Cuentan que un hombre mayor que había recorrido años y kilómetros en la búsqueda del camino espiritual, se topó un día con un monasterio perdido en las sierras.
Al llegar allí, tocó a la puerta y pidió a los monjes que le permitieran quedarse a vivir en ese lugar para recibir enseñanzas espirituales.
El hombre era analfabeto, muy poco ilustrado, y los monjes se dieron cuenta de que ni siquiera podría leer los textos sagrados, pero al verlo tan motivado decidieron aceptarlo.
Los monjes comenzaron a darle, sin embargo, tareas que, en un principio, no parecían muy espirituales..
-”Te encargarás de barrer el claustro todos los días” -le dijeron.
El hombre estaba feliz. Al menos, pensó, podría reconfortarse con el silencio reinante en el lugar y disfrutar de la paz del monasterio, lejos del mundanal ruido.

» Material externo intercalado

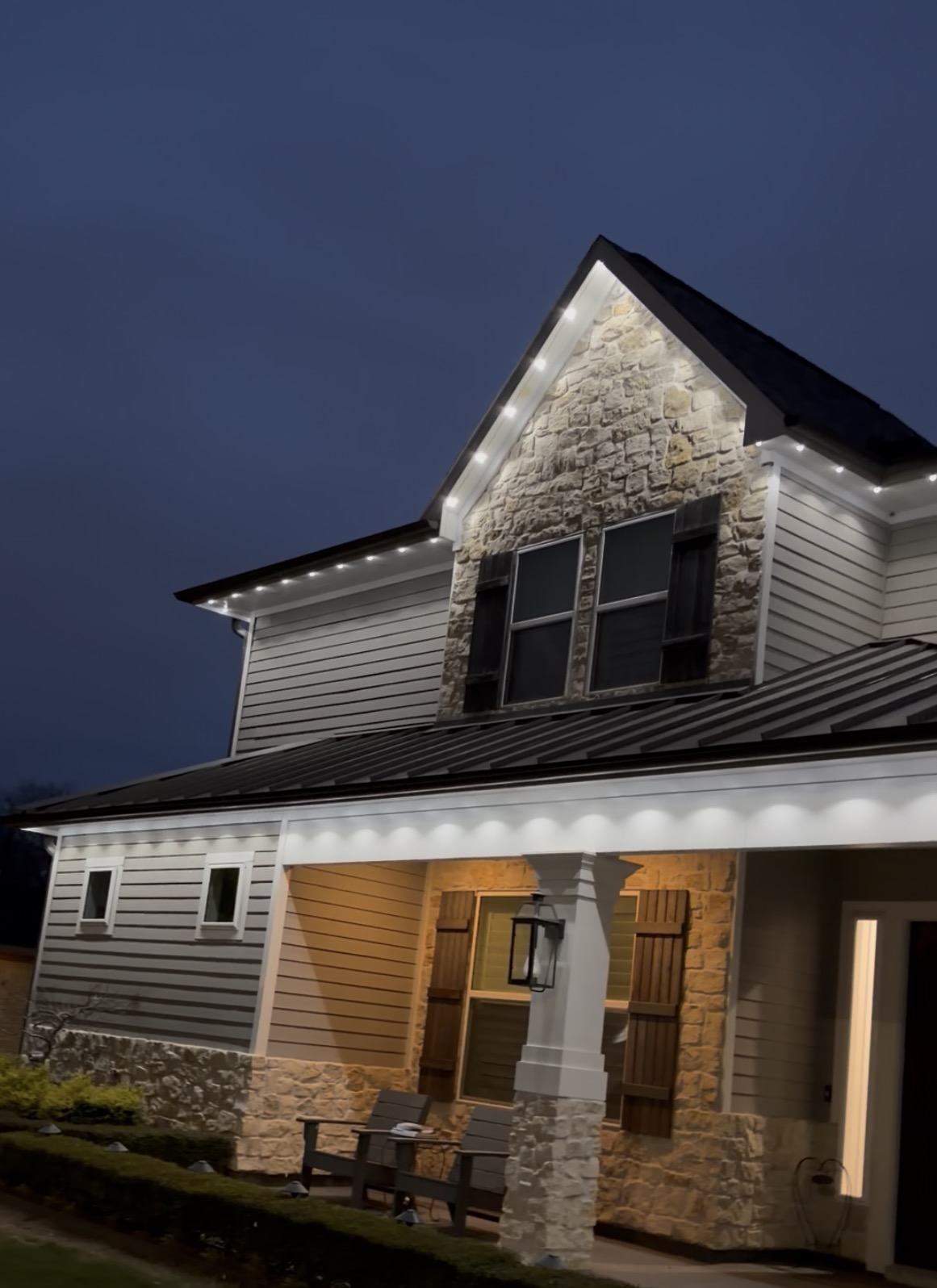 Cool white permanent LED lighting along the roofline of a Woodlands home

Pasaron los meses, y en el rostro del anciano comenzaron a dibujarse rasgos más serenos, se lo veía contento, con una expresión luminosa en el rostro y mucha calma.

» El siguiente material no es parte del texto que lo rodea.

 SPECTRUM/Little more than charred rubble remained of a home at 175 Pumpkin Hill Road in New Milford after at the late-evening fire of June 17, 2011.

Los monjes se dieron cuenta de que el hombre estaba evolucionando en la senda de la paz espiritual de una manera notable.
Un día le preguntaron: -¿”Puedes decirnos qué práctica sigues para hallar sosiego y tener tanta paz interior?”
-”Nada en especial. Todos los días, con mucho amor, barro el patio lo mejor que puedo. Y al hacerlo, también siento que barro de mí todas las impurezas de mi corazón, borro los malos sentimientos y elimino totalmente la suciedad de mi alma”.
De este modo el hombre se fue tornando un ejemplo para los monjes, quienes comenzaron a admirarlo y a ofrecerles tareas más importantes, pero el anciano prefirió seguir barriendo las impurezas.
Y cuentan que un día su corazón quedó tan limpio y puro que despertó a la conciencia universal, y aún así, continuó barriendo.